WHAT IS NEEDED: Pictures are to be left out, and only the lines below starting at the one with "It will show" and ending at the one with "First, we create" are to be reproduced, each exactly, both ends included.

MATERIAL SHOWN:
>>
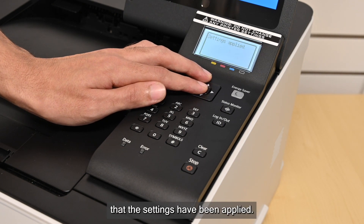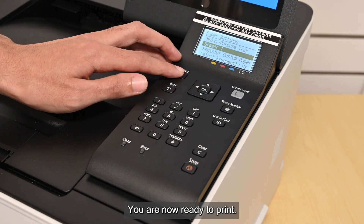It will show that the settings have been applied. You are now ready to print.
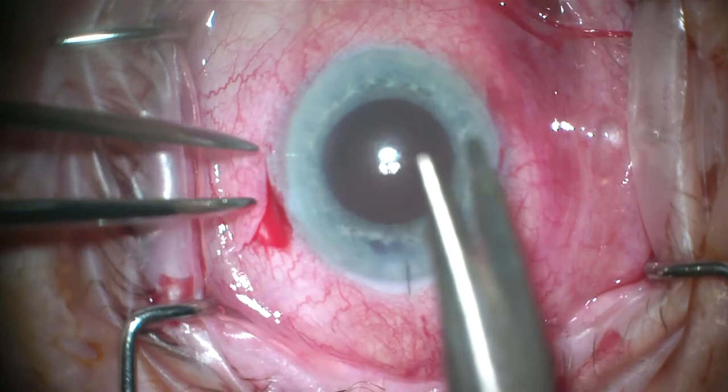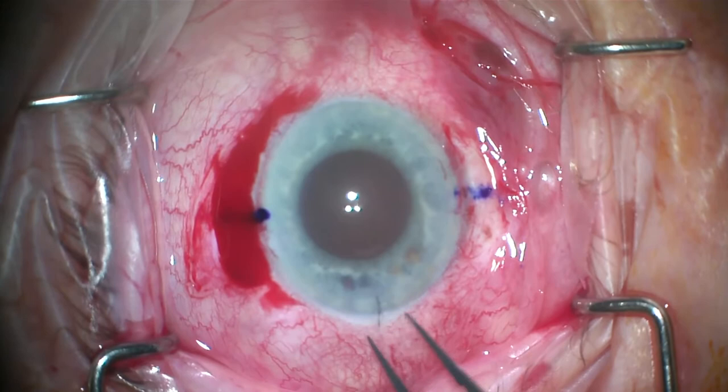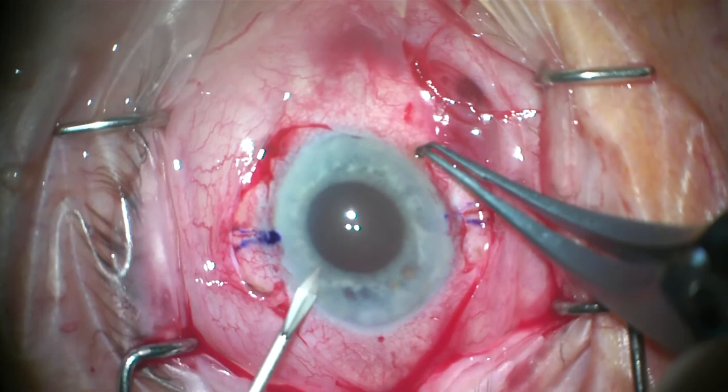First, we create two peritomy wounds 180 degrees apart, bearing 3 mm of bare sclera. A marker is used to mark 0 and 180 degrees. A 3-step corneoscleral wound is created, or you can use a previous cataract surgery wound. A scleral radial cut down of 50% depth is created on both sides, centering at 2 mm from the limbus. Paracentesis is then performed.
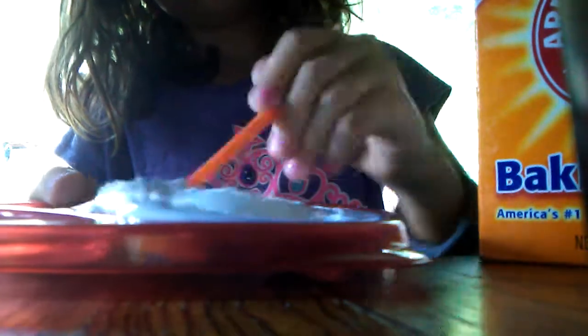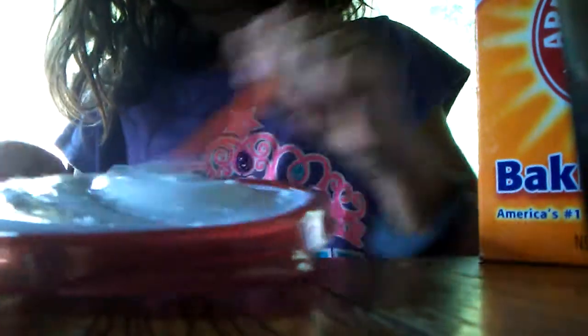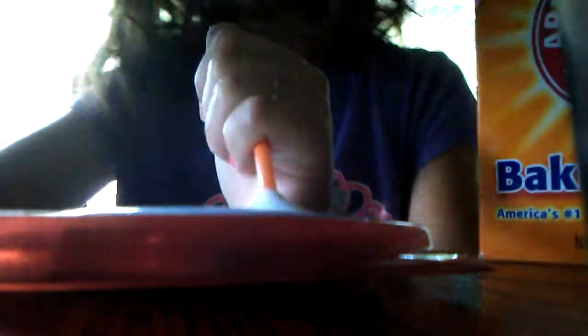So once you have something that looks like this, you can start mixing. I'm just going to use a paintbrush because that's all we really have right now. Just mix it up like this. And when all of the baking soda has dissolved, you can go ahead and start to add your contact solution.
<<
>>
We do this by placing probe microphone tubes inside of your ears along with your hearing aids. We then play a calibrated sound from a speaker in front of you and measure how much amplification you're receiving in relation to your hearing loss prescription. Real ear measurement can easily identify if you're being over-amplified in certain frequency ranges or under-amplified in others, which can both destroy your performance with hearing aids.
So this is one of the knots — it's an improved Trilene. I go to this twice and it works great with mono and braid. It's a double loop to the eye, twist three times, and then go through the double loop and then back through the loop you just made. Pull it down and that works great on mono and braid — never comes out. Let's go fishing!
<<
>>
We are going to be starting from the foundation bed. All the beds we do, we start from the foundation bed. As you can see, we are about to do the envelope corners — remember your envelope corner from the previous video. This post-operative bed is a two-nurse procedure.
<<
FINAL ANSWER:
It will show that the settings have been applied. You are now ready to print.
First, we create two peritomy wounds 180 degrees apart, bearing 3 mm of bare sclera. A marker is used to mark 0 and 180 degrees. A 3-step corneoscleral wound is created, or you can use a previous cataract surgery wound. A scleral radial cut down of 50% depth is created on both sides, centering at 2 mm from the limbus. Paracentesis is then performed.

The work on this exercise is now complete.